Tidy messes up charset from Gábor Kövesdán on 2006-09-30 (html-tidy@w3.org from October to December 2006)

From: Gábor Kövesdán <gabor@FreeBSD.org>
Date: Sat, 30 Sep 2006 15:45:55 +0200
To: html-tidy@w3.org
Message-ID: <451E7513.9080805@FreeBSD.org>

Hello,

I'm working on the Hungarian translation of the FreeBSD webpages, which 
are written in SGML/XSLT. After the sgmlnorm normalizes the sgml files, 
the output is processed by tidy with the following options:

-wrap 90 -m -raw -preserve -f /dev/null -asxml

As a result &reg; &trade; and &copy; are substituted wrongly if I use 
iso-8859-2 character set. When using utf-8, almost all entities 
(&aacute; etc.) show up up weirdly. The tidy help says:

 -raw                output values above 127 without conversion to entities

But the entities are actually substituted. If I disable tidy, everything 
is fine, but I need tidy to make the sources W3C valid.
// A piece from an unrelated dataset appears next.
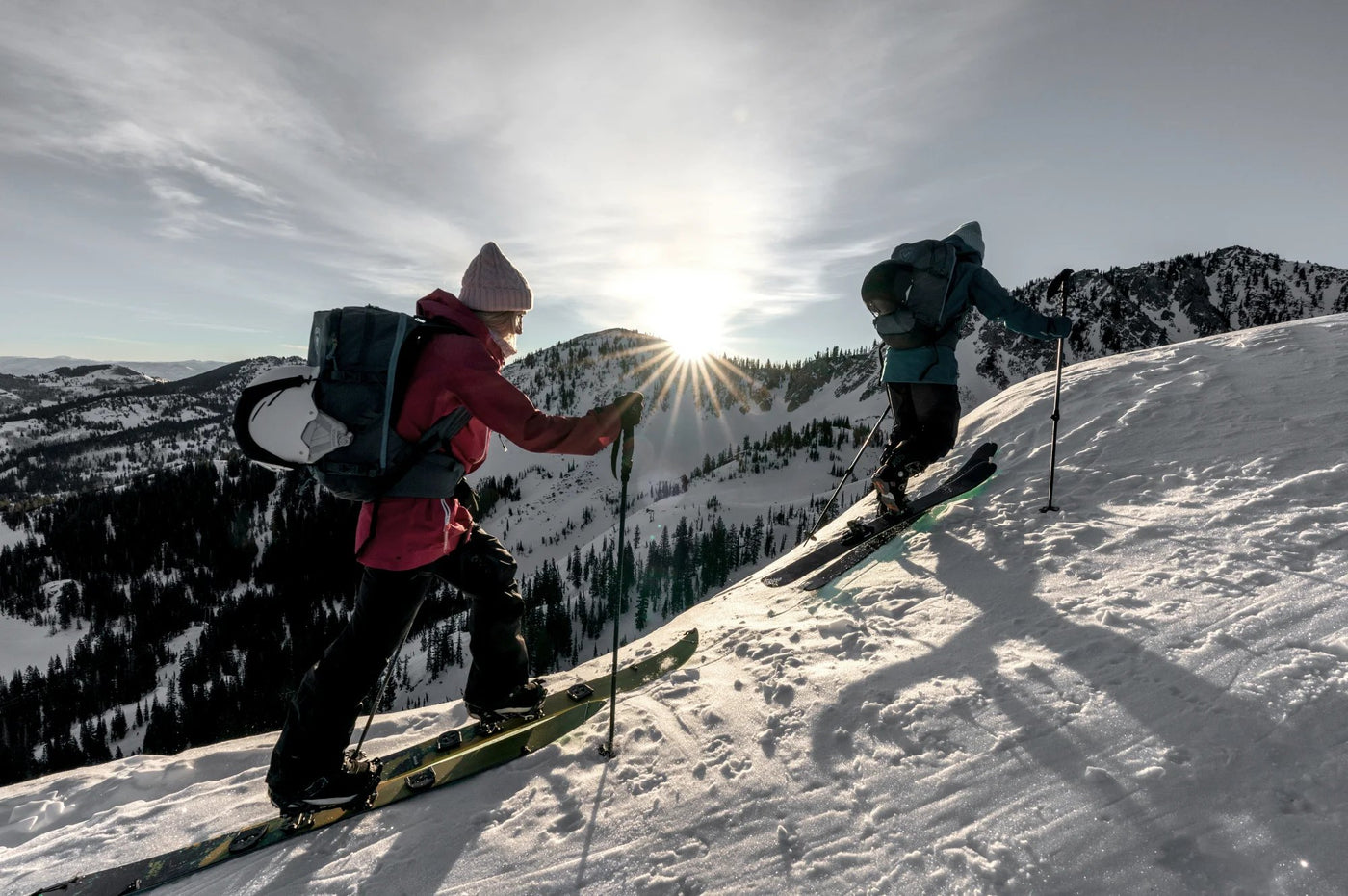 Power Ski - Zwei Frauen besteigen Berg auf Tourenski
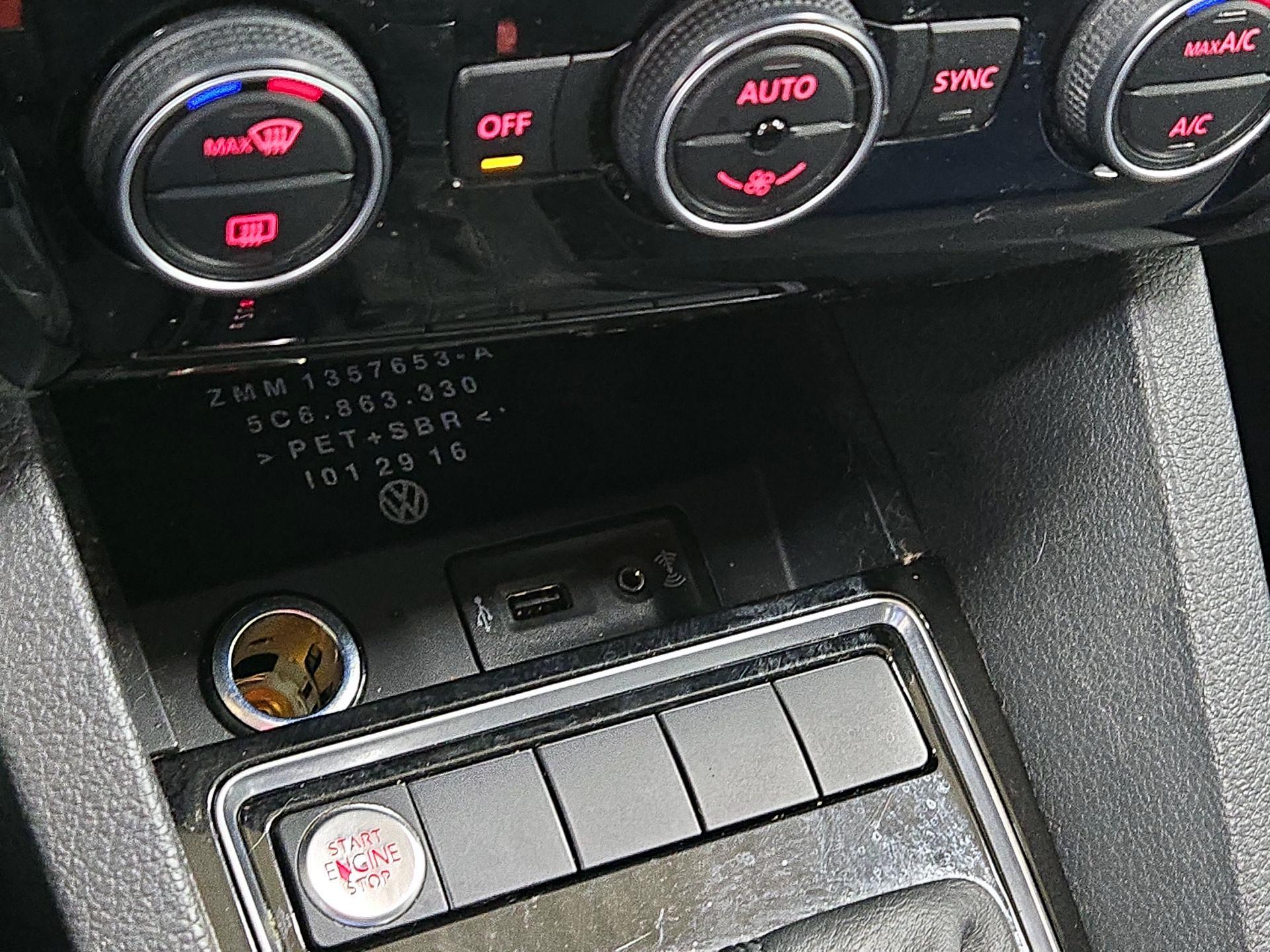 Thumbnail: 2017 Volkswagen Jetta - 19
There are 
specific things (like custom SGML DOCTYPE declaration) that should be 
processed by tidy for validity. Could somebody tell me what I'm doing 
wrong? I can publish the SGML sources on demand or provide a log about 
the processing of those files.
The version that I use:
[root@server /usr/www/en]# tidy -v
HTML Tidy for FreeBSD released on 1 September 2005
I also experienced the same with the current CVS version.
Thanks in advance.

-- 
Cheers,

Gabor

P.S.: Please CC me when reply, since I'm not subscribed to the list.

Received on Sunday, 1 October 2006 03:09:12 UTC